Person: Steve Jobs
Steve Jobs is just one of the people whose innovative thinking led to our immersion in computers in every phase of our lives. He didn’t invent the personal computer, but he made it stylish, fresh, fun, and cool.
Of course, lots of people contribute to the creation of any product or company, but it’s not a stretch to assert that without Steve Jobs, there would be no user-friendly personal computer. (He developed the first, Apple Macintosh.) No miniature music player. (He created the iPod.) No online music store where virtually any song can be found and owned. (iTunes is his baby). No Toy Story, Monsters, Inc., or Cars. (He changed Pixar from a computer graphics company into a movie studio.) And no cell phone with a touch screen that could perform thousands of tasks. (The iPhone is revolutionizing the cell phone industry.)
Jobs has surely made over a billion dollars personally from these inventions. As you’d probably expect, anyone with such an obsession with excellence is a Type A personality, and it’s said Jobs isn’t the easiest person to work for. Someone once said, “He would have made an excellent king of France.” In recent years, however, he’s experienced health problems, having to undergo a liver transplant in early 2009. Perhaps a greater recognition of his mortality has helped to mellow this genius out.

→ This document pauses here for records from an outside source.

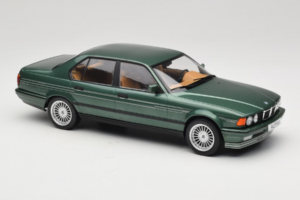 BMW Alpina B11 E32 3.5 Metallic Green MCG 1:18 MCG18233 Metall — bild 4 av 6
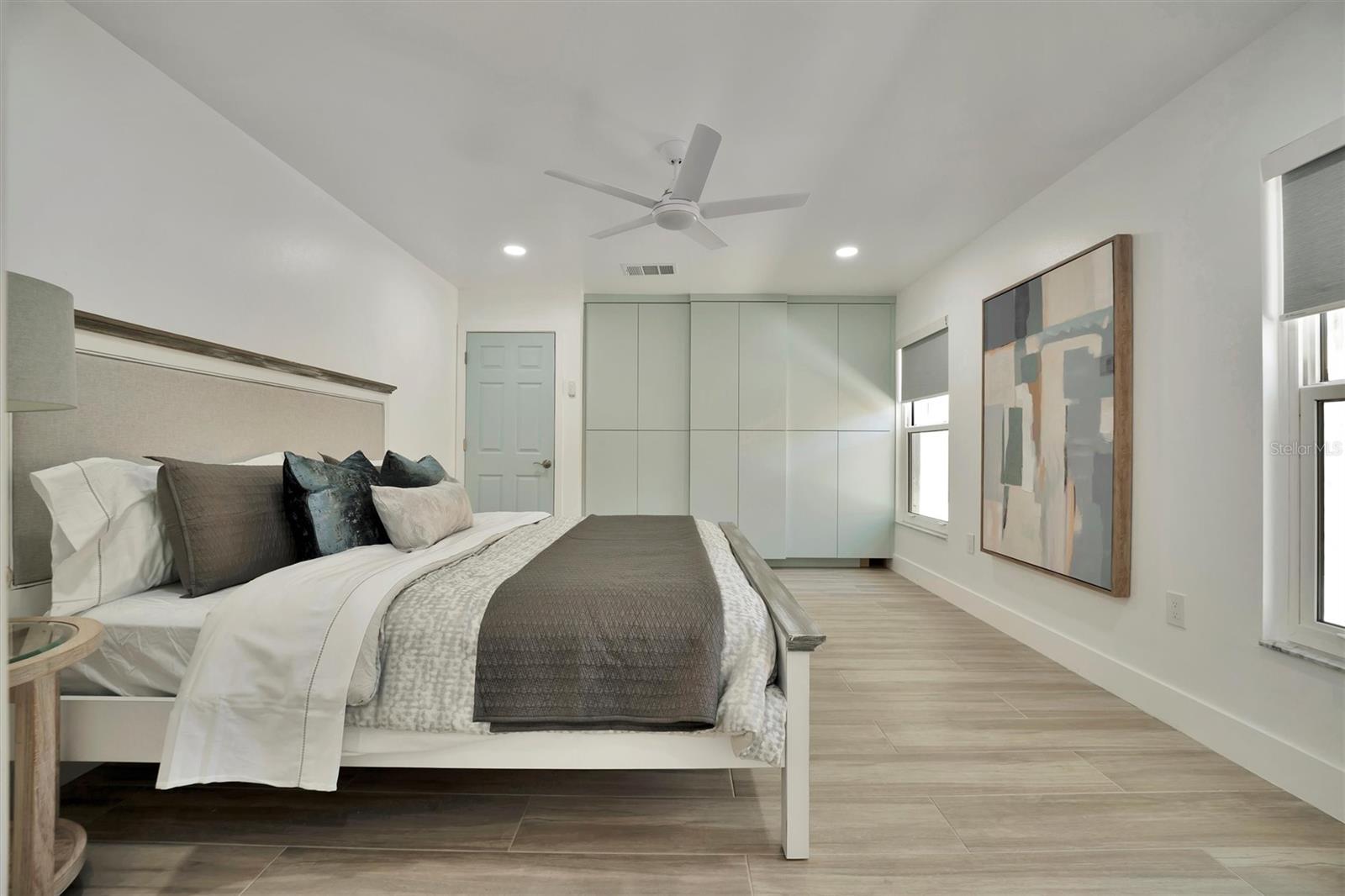 8419 SYLVAN WOODS DR, SARASOTA, FL, 34243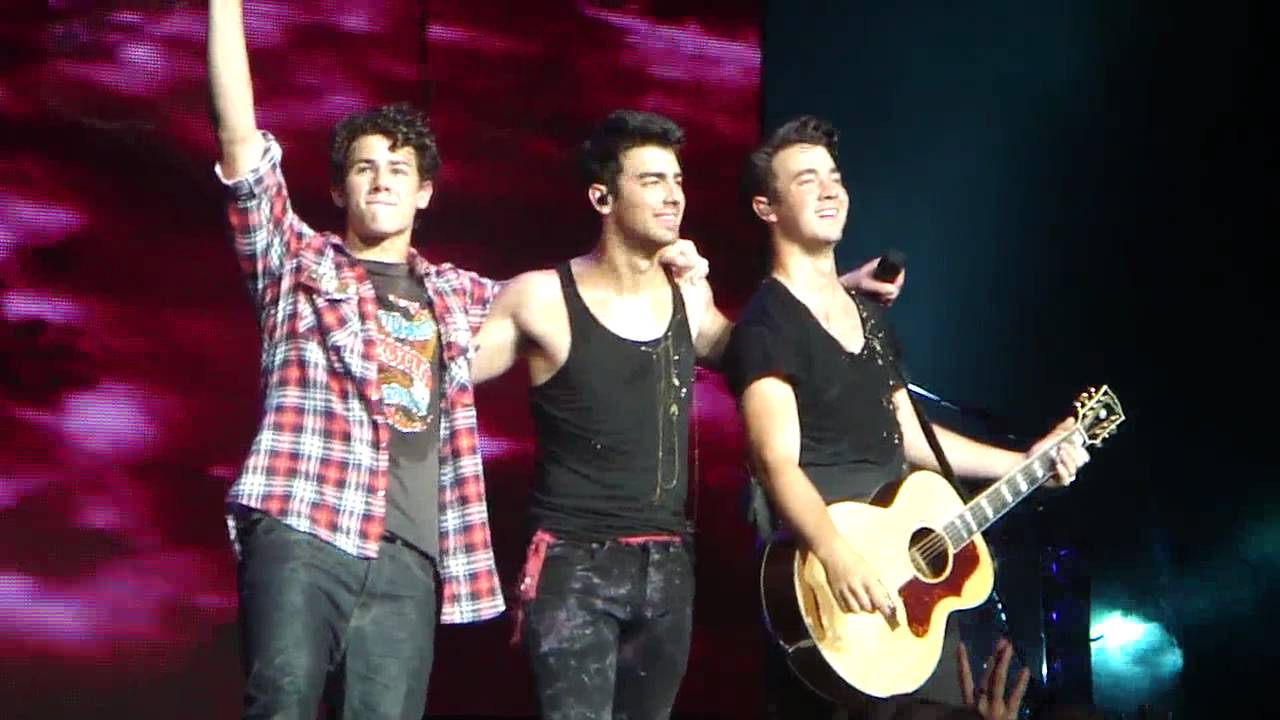 Jonas Brothers - When You Look Me In The Eyes (Chicago 8/7)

He’s received a slew of honors, including being named most powerful person in business by Fortune Magazine in 2007. And in November, 2009 the magazine selected Jobs as CEO of the Decade. He summed up his business philosophy this way: “There’s an old Wayne Gretzky quote that I love. ‘I skate to where the puck is going to be, not where it has been.’ And we’ve always tried to do that at Apple. Since the very very beginning. And we always will.”